Entre os nove princípios está a “defesa do meio ambiente, inclusive mediante tratamento diferenciado conforme o impacto ambiental dos produtos e serviços e de seus processos de elaboração e prestação” (art. 170, VI, da CF/88). Grau (2005) observa que se trata de um princípio constitucional impositivo de caráter conformador. Dessarte, continua o autor, a Constituição Federal de 1988 reafirma a defesa do meio ambiente como um limite à atividade econômica, uma vez que os recursos naturais não são mais vistos como infinitos, mas reconhece-se a limitação da Terra em repor os recursos na mesma velocidade em que são consumidos.
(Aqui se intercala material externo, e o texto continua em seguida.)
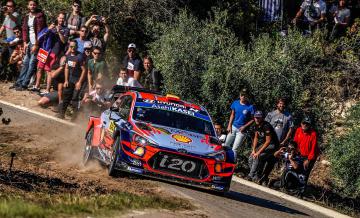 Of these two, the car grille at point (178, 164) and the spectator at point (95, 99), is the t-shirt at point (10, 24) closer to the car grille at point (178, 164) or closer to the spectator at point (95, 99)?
the spectator at point (95, 99)

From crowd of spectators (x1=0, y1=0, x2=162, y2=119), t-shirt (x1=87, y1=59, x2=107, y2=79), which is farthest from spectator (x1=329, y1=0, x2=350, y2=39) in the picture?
t-shirt (x1=87, y1=59, x2=107, y2=79)

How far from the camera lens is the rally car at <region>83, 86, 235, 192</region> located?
1455cm

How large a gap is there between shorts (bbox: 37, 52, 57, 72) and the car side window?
727 centimetres

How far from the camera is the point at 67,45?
23.9 metres

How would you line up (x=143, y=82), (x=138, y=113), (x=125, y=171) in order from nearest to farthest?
(x=125, y=171) < (x=138, y=113) < (x=143, y=82)

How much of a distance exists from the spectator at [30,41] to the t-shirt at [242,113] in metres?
7.04

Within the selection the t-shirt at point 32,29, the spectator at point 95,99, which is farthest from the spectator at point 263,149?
the t-shirt at point 32,29

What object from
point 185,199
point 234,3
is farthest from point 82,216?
point 234,3

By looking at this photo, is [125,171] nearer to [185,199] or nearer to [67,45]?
[185,199]

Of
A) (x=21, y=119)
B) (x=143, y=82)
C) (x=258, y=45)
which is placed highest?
(x=258, y=45)

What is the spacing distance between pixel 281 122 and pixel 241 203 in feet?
16.5

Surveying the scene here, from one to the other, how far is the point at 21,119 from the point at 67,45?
10.2 ft

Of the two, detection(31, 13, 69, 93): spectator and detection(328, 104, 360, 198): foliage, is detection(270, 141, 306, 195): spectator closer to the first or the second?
detection(328, 104, 360, 198): foliage

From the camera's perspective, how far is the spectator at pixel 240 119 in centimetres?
Result: 2002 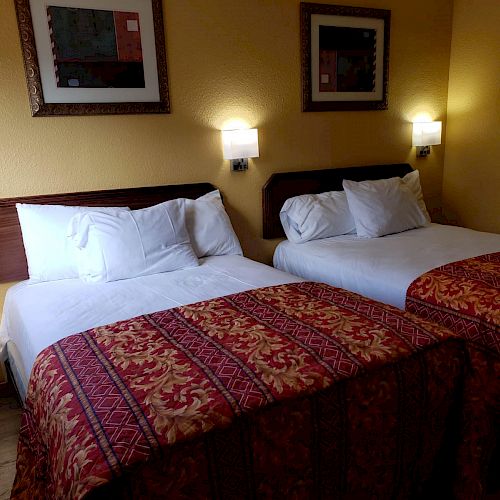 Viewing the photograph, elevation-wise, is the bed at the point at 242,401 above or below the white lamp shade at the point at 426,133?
below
Para Borges Netto (1995, p. 158):

“o desenvolvimento de toda e qualquer atividade econômica, em nosso país, deve preservar a rigidez do meio ambiente, eis que este é princípio constitucional impositivo da ordem econômica, sendo, ainda, bem de uso comum do povo e essencial à sadia qualidade de vida.”

2 O controle ambiental sustentável da biotecnologia moderna

A tecnologia de recombinação do ácido desoxirribonucleico (DNA) para a produção de novas espécies teve sua origem com a descoberta do DNA nos anos 50 e evoluiu com a melhor precisão dos mecanismos de hereditariedade. Em 1975, em Asilomar, EUA, reuniram-se cientistas do mundo inteiro para debater questões controvertidas que já pairavam sobre a nova técnica. Nos anos 90, também nos Estados Unidos, os primeiros produtos geneticamente modificados entraram no mercado com uma boa aceitação no público estadunidense. Entretanto, as controvérsias sobre a biotecnologia moderna perduram até hoje e proveem um espaço de acirrado debate científico e, sobretudo, político.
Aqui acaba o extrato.